I have “alerts” set up in my email account to advise me when articles pop up about addiction, relapse, recovery, and all of these combined with YOGA (of course). I get a lot of publicity fluff articles about treatment centers and other corporate PR material. I get some good information as well. I also get controversial articles  – the most recent one in support of the point of view that addiction is not a disease; “This Neuroscientist Argues That Addiction Is Not a Disease and Rehab Is Bullshit” – Marc Lewis.

Already you might feel compelled to accept the article based on the headline because the author is a neuroscientist. I also have to go by what I have learned and other points of view. I have my own gut feelings; I have my personal opinions and I am not a scientist of any kind.

I did feel compelled to read his article. As a person in recovery he comes to the topic with some experience. Where do experience and science overlap? Where do they diverge? Lewis tells us.
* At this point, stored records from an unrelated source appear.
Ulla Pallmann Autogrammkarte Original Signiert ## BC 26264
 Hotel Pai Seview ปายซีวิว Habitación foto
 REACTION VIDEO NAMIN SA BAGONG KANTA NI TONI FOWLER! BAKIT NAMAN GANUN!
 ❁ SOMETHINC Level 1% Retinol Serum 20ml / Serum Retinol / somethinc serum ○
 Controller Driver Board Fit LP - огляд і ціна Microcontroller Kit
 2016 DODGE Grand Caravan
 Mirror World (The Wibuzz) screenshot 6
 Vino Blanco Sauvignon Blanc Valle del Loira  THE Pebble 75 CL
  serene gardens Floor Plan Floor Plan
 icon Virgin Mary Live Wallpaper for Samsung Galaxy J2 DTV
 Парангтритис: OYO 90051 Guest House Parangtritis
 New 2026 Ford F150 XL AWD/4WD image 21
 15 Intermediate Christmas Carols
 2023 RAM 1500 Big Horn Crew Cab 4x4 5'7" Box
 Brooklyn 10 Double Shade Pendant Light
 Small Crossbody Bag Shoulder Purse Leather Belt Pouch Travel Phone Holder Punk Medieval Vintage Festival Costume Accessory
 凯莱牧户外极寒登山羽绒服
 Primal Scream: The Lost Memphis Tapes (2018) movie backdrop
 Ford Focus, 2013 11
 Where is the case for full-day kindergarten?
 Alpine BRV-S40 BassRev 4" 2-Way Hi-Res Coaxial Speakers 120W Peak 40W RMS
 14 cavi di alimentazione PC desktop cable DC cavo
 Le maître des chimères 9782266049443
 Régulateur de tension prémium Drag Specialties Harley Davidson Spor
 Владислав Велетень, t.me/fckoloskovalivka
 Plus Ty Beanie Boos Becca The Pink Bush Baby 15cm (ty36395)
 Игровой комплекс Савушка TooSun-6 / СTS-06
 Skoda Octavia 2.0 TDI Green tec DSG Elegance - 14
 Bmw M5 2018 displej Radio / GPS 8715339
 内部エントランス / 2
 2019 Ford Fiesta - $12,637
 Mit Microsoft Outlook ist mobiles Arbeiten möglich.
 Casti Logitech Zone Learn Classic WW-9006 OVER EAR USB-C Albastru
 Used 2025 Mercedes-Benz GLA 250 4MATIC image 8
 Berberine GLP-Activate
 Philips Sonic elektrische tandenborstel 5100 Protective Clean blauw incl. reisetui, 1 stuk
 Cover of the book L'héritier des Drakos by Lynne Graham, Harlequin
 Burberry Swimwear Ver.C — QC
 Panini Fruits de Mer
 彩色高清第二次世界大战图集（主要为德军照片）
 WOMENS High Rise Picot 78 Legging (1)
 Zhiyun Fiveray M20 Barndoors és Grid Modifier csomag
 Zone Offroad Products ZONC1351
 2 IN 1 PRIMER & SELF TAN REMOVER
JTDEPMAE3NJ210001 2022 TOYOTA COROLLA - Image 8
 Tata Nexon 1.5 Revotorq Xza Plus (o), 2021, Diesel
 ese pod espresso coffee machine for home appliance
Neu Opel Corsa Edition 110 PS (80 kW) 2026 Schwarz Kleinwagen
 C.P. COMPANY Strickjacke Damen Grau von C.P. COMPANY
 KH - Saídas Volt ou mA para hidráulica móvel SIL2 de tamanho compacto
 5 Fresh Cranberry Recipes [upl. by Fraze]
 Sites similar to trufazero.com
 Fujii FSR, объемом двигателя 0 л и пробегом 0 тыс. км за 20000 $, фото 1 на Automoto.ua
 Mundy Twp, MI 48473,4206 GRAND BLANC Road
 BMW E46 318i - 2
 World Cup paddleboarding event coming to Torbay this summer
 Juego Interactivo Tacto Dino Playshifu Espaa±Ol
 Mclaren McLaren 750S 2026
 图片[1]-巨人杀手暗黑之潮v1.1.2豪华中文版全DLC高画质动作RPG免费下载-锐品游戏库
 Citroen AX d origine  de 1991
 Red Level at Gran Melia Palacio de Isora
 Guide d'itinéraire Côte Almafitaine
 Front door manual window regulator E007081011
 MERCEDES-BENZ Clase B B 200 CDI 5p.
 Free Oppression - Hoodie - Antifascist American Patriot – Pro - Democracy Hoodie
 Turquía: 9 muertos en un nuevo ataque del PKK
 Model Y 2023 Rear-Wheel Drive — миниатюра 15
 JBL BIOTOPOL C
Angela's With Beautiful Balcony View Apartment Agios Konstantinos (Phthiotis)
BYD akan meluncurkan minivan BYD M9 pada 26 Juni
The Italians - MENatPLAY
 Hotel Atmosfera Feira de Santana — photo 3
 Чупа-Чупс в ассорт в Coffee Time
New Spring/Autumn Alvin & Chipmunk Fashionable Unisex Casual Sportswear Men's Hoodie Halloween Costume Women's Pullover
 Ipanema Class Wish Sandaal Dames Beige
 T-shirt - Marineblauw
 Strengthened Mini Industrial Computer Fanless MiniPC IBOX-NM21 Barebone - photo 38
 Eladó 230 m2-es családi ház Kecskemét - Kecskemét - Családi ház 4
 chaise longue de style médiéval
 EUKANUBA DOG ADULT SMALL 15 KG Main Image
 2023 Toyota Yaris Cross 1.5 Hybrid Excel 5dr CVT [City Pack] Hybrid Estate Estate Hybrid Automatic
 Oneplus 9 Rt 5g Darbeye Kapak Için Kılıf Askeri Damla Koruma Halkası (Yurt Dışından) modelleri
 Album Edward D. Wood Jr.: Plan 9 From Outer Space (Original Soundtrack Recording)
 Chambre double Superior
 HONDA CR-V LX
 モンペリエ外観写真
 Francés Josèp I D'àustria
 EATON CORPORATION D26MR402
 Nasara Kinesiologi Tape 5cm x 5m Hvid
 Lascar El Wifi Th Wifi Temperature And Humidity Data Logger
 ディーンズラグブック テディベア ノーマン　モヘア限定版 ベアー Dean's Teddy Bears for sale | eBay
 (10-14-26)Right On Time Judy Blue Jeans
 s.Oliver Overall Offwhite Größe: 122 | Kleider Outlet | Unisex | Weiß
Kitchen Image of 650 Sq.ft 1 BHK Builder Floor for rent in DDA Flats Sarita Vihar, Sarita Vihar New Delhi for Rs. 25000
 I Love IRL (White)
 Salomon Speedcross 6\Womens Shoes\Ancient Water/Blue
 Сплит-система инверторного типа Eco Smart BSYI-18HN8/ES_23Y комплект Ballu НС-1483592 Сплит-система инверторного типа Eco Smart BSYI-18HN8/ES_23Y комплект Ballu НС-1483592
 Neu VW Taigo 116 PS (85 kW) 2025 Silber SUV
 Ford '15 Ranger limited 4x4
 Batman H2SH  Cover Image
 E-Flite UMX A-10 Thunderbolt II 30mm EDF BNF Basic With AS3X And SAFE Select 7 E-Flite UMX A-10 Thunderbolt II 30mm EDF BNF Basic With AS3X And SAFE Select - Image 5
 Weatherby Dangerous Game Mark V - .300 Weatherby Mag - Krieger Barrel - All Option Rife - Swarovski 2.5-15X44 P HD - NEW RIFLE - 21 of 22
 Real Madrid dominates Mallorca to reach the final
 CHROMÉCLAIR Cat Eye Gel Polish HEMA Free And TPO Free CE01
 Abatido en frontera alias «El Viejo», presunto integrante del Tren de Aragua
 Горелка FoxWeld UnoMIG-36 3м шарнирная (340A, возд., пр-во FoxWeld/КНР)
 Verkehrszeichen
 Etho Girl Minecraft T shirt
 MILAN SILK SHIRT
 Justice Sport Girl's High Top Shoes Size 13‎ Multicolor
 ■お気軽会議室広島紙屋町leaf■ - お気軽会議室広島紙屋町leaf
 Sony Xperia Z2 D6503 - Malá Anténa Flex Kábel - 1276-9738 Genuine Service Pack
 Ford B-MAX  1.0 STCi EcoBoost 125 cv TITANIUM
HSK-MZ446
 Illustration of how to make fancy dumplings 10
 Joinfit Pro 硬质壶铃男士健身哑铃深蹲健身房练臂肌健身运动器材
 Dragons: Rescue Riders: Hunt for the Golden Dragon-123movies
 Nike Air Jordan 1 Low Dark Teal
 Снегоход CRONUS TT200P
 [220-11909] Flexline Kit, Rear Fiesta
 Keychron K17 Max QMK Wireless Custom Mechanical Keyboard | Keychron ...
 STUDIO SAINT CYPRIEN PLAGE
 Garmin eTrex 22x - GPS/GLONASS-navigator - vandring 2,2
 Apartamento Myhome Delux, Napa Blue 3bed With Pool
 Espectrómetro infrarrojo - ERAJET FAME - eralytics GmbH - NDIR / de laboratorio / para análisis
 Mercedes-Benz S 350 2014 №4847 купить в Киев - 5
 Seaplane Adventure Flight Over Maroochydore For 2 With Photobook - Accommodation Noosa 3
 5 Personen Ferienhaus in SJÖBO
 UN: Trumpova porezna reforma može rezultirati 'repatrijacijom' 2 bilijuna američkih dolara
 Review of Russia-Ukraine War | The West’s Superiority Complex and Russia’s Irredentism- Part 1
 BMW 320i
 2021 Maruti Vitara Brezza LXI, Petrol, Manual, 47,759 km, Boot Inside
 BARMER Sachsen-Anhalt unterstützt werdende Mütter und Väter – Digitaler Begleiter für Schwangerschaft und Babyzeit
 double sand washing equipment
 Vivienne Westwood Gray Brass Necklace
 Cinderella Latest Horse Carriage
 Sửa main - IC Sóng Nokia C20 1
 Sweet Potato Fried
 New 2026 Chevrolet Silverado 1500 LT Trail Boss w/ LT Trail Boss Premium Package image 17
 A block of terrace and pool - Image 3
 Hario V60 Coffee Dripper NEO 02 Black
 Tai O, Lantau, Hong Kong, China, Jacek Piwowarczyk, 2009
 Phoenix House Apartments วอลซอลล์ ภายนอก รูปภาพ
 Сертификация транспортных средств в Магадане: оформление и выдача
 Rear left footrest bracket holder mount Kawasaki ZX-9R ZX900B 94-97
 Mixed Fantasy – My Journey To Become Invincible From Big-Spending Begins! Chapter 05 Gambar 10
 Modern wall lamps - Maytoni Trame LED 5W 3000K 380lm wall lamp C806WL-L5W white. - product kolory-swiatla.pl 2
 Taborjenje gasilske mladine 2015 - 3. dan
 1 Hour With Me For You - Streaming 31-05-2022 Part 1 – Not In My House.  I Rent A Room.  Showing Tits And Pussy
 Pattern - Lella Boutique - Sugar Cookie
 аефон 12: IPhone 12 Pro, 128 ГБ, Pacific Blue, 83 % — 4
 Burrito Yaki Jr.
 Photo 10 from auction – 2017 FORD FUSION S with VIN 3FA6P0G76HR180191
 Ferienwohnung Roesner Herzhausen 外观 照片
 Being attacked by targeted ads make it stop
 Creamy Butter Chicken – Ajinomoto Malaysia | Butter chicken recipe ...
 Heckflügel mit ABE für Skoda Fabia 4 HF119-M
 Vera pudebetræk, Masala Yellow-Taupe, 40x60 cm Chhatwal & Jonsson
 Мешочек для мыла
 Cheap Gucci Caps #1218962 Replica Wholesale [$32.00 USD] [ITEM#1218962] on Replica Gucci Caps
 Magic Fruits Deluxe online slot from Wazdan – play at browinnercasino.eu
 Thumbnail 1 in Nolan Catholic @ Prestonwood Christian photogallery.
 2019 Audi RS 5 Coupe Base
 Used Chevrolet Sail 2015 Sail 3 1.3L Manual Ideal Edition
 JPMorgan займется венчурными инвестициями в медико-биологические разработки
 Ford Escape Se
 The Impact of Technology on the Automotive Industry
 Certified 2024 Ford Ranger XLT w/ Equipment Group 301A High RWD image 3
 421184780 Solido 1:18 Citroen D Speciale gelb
He addresses the science pertaining to his opinions in a straightforward manner. Here are some of his points.

Addiction is a learned behavior. I get that. Our brain, designed for pleasure in healthy ways, gets hijacked by the quick, easy and repeatable jacking up by drugs, nicotine, alcohol and exciting effects of sex, gambling, porn and other edgy behaviors including media/internet addiction. We can learn the heck out of these, and use them to the point of delirium and death.

There is no single genetic condition related to addiction. However, there are numerous personality traits “like impulsivity”. Well, even though complex many other scientific authors find that the groups of genetic traits are similar enough, and trace through herited factors enough to call addiction “strongly influenced by inherited functional variations” (HHS 2009). So there is no exact single addiction gene; there is a complex combination of inheritable proclivities that collude to make one more than less likely to become addicted to a substance or a behavior.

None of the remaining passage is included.